# My Story



## lee101981 (Sep 6, 2012)

Not really sure where to start so here goes. We got married almost 10 years ago this November. I was 21 he was 24 he told me when we first met he did not think he would ever marry and have kids but we did and had two girls. We are complete opposite,which is why we work, but the last two years have been hard. He went back to school full time and work full time and I had a full time job and the kids and activities. Our marriage feel to the back burner. It just seemed that there is never enought time in the day let alone a date night. There was so much tension and stress in the house that we decided to seperate for a while. He moved closer to work which is only 9 miles away from the house but a different city, which I did not agree with and he signed a 6 month lease which I also did not agree with. We have been trying the dating thing and it just seems like he is going through the emotions. When we do have our dates there is alittle bit of tension between us and we cant just have fun we end up talking about our problems in our relationship. I want to have fun and joke and laugh with one another. I have asked him if he is just scared to hurt me and is that why he is trying. I have straight up asked him if he wants a divorce and he says no. I dont believe that there is anyone else. I have asked. I just feel like he is not putting in enough effort. He does not say I love you or make me feel wanted. Last friday the kids were at Grandmas and we watched a movie and we were talking and I say do you really want to work on our relationship and he says if I didnt would I be here. That is the kind of response that I get never, I love you, or I want this to work out. I feel like we are just drifting farther apart with this seperation that I am losing hope that we will end up together. He is not a very vocal person but our lived are on the line. I have told him many times that I need to feel some emotion from him, and he says he understants but nothing. I feel like he is game playing and I am almost 31 years old and I dont want to play games. I feel like I should just act like I dont care about him or call and play hard to get but really after almost 10 years. I am lost and lonely and recently laid off. I feel like I am stuck in a dark tunnel looking for any light to guide me..
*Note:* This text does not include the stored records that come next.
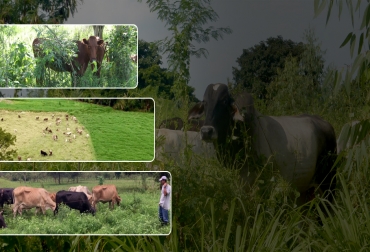 Los beneficios de la ganadería sostenible son múltiples, tanto en conservación como en rentabilidad. Foto: instructores5.blogspot.com - allevents.in - Ganaderia Tropical Paso a Paso - Enrique Murgueitio Ganadería Sostenible, ganadería sostenible Colombia, Ganadería regenerativa, ganadería amigable con el medio ambiente, Sistemas silvopastoriles, árboles ganadería, ganadería rentable y regenerativa, mejorar el suelo con ganadería, ahorrar costos en ganadería, costos bajos, ganadería regenerativa Colombia, Ganadería, sostenible, Colombia, CONtexto ganadero, ganaderos colombia, noticias ganaderas colombia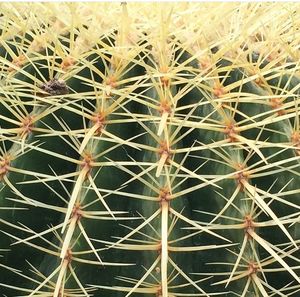 Full frame shot of white background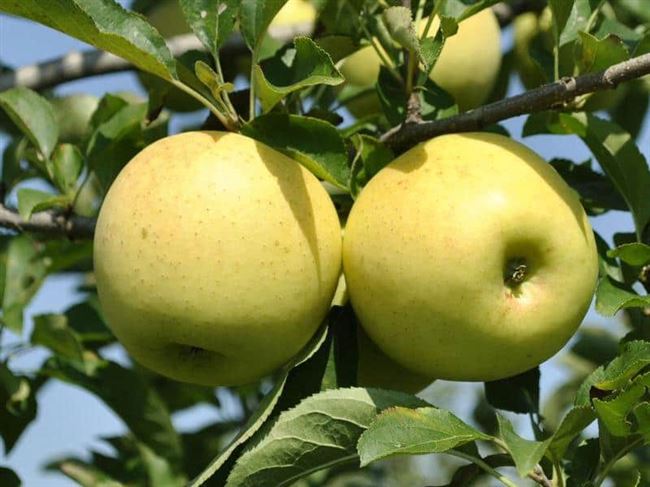 Сорт яблони Голден Делишес — характеристика и особенности выращивания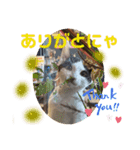 猫愛スタンプ⑧（個別スタンプ：8）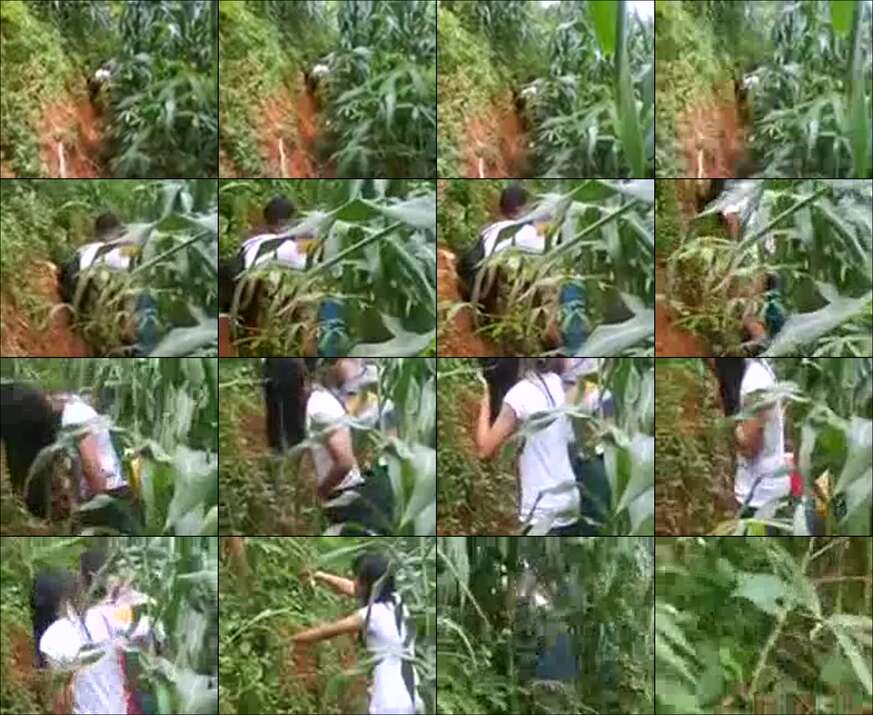 Video Ngintip Abg Di Kebun Singkong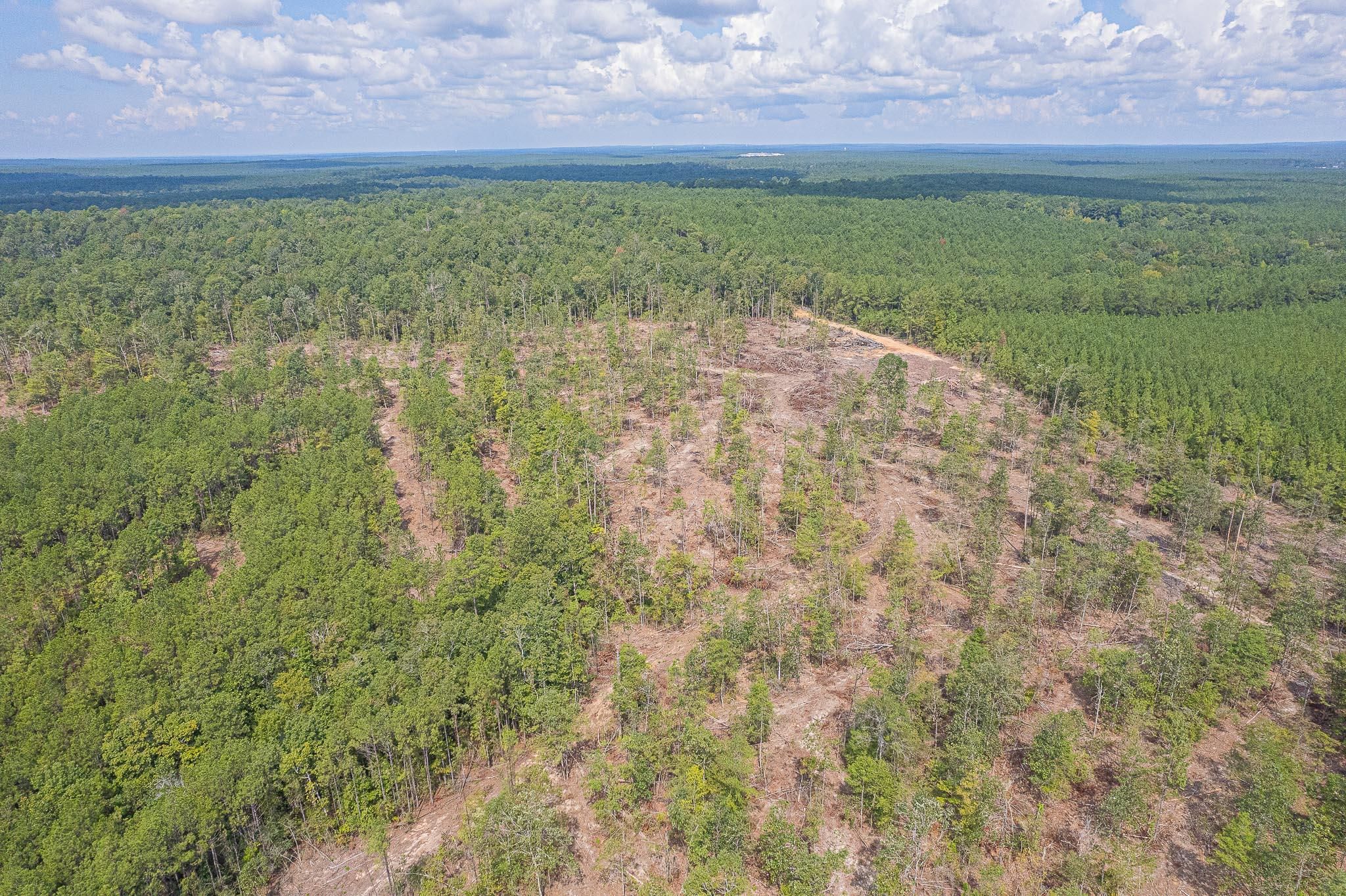 30 acres in Jasper County, Texas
We have agreed that we are dating and there are no others.
I want our marriage to work out. I want to be able to tell our girls that we made it through a rought patch and came out on the other side.


Really just venting 

Thanks


----------



## LongWalk (Apr 4, 2013)

Nobody posted anything


----------



## GutPunch (Nov 2, 2012)

LongWalk said:


> Nobody posted anything


I know her she is fine. I know she is even dating someone.


----------



## LongWalk (Apr 4, 2013)

Does she run a beagle puppy farm in Texas?


----------